Scraped caption text data:
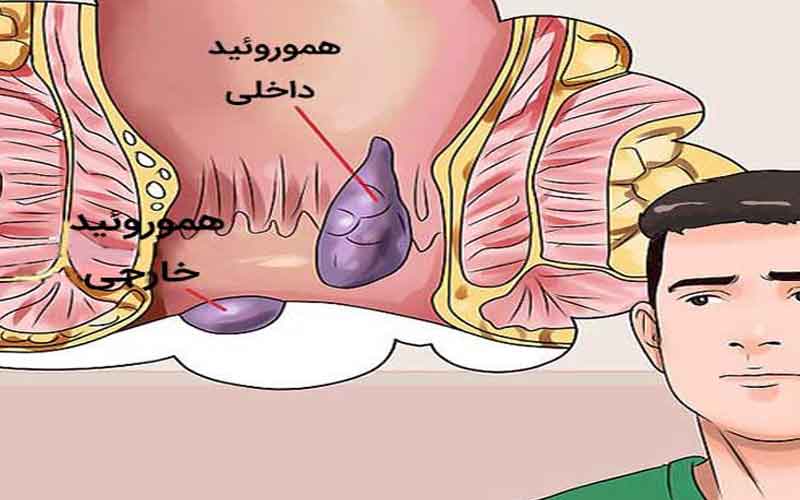 درمان قطعی بواسیر یا هموروئید با لیزر بدون درد و خونریزی و بدون بازگشت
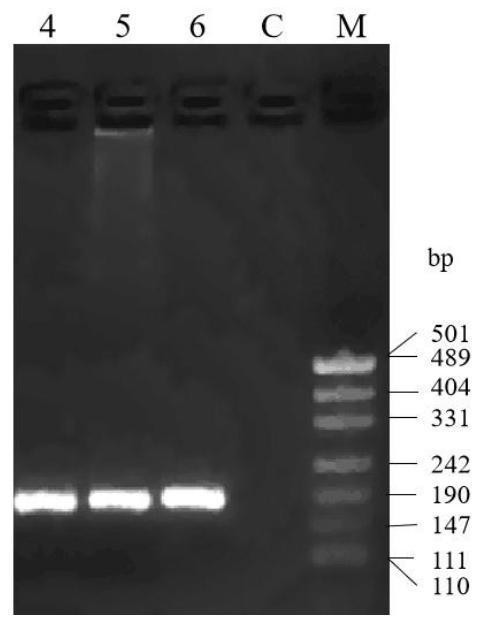 Haplotype molecular markers related to high fecundity of sheep, screening method and application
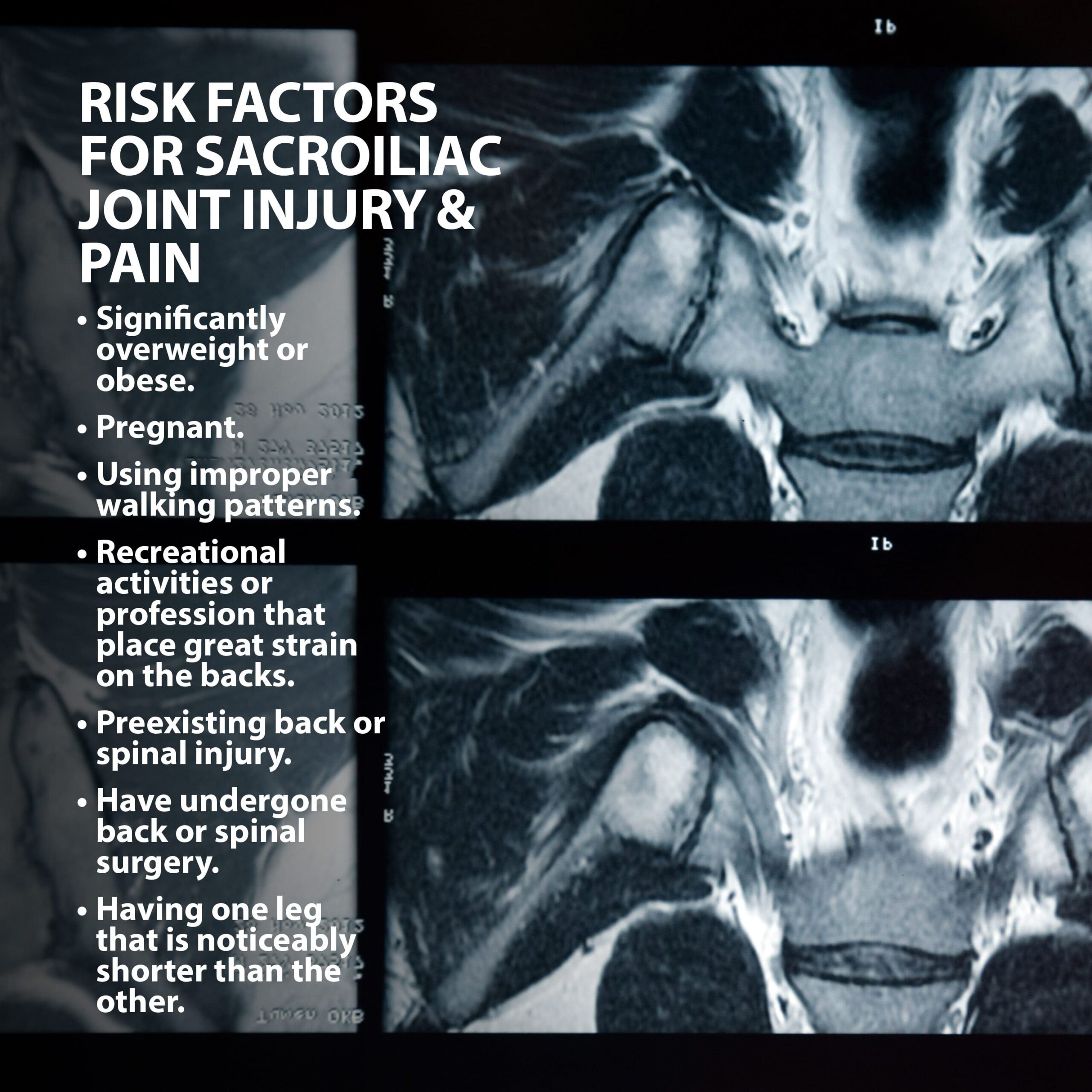 anatomy of the pelvis showing risk factors of Sacroiliac Joint Pain and how Sacroiliac Joint Pain Treatment can help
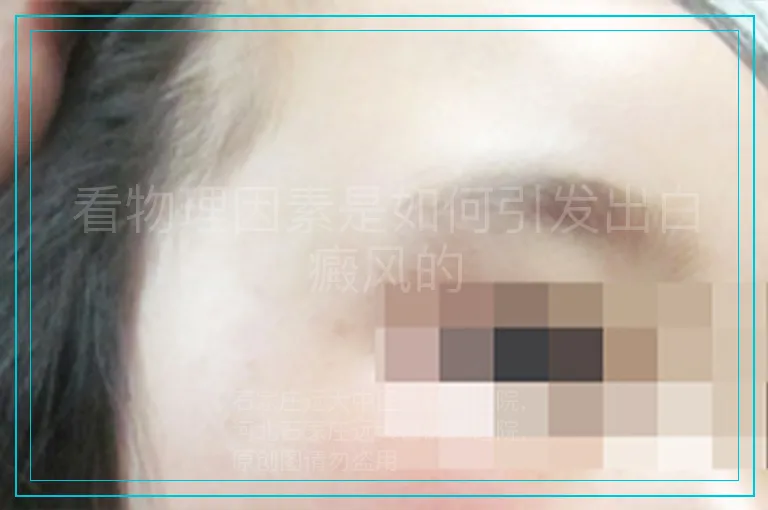 看物理因素是如何引发出白癜风的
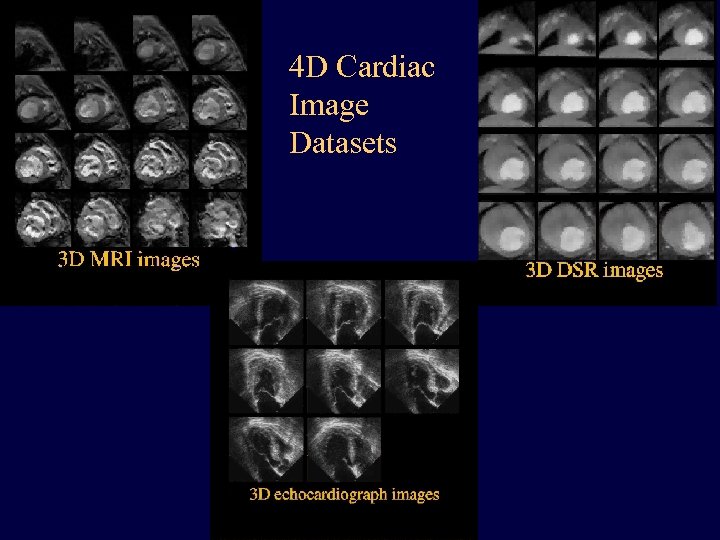 4 D Cardiac Image Datasets 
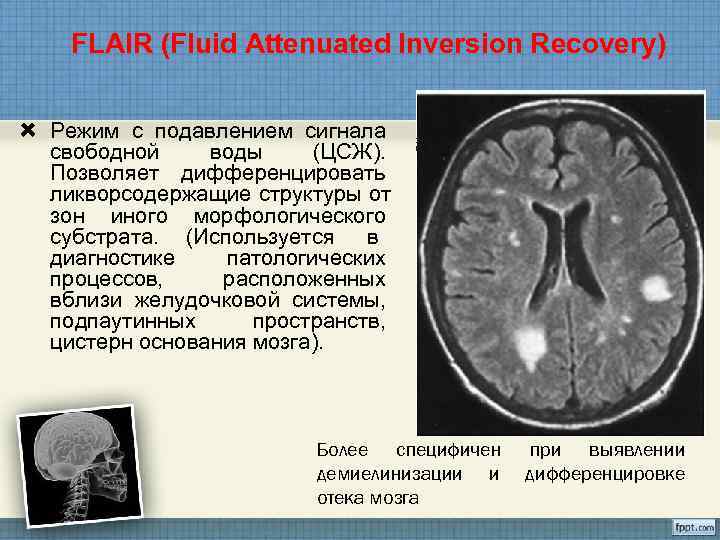   FLAIR (Fluid Attenuated Inversion Recovery) Режим с подавлением сигнала  свободной воды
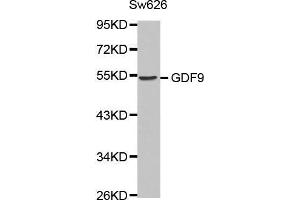 Western blot analysis of extracts of Sw626 cell line, using GDF9 antibody. (GDF9 antibody  (AA 205-454))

Your goal:
Write the lines from the one with "Haplotype molecular markers" through the last line of the entries out again exactly, both ends included, and skip the pictures.

Answer box:
 Haplotype molecular markers related to high fecundity of sheep, screening method and application
 anatomy of the pelvis showing risk factors of Sacroiliac Joint Pain and how Sacroiliac Joint Pain Treatment can help
 看物理因素是如何引发出白癜风的
 4 D Cardiac Image Datasets 
   FLAIR (Fluid Attenuated Inversion Recovery) Режим с подавлением сигнала  свободной воды
 Western blot analysis of extracts of Sw626 cell line, using GDF9 antibody. (GDF9 antibody  (AA 205-454))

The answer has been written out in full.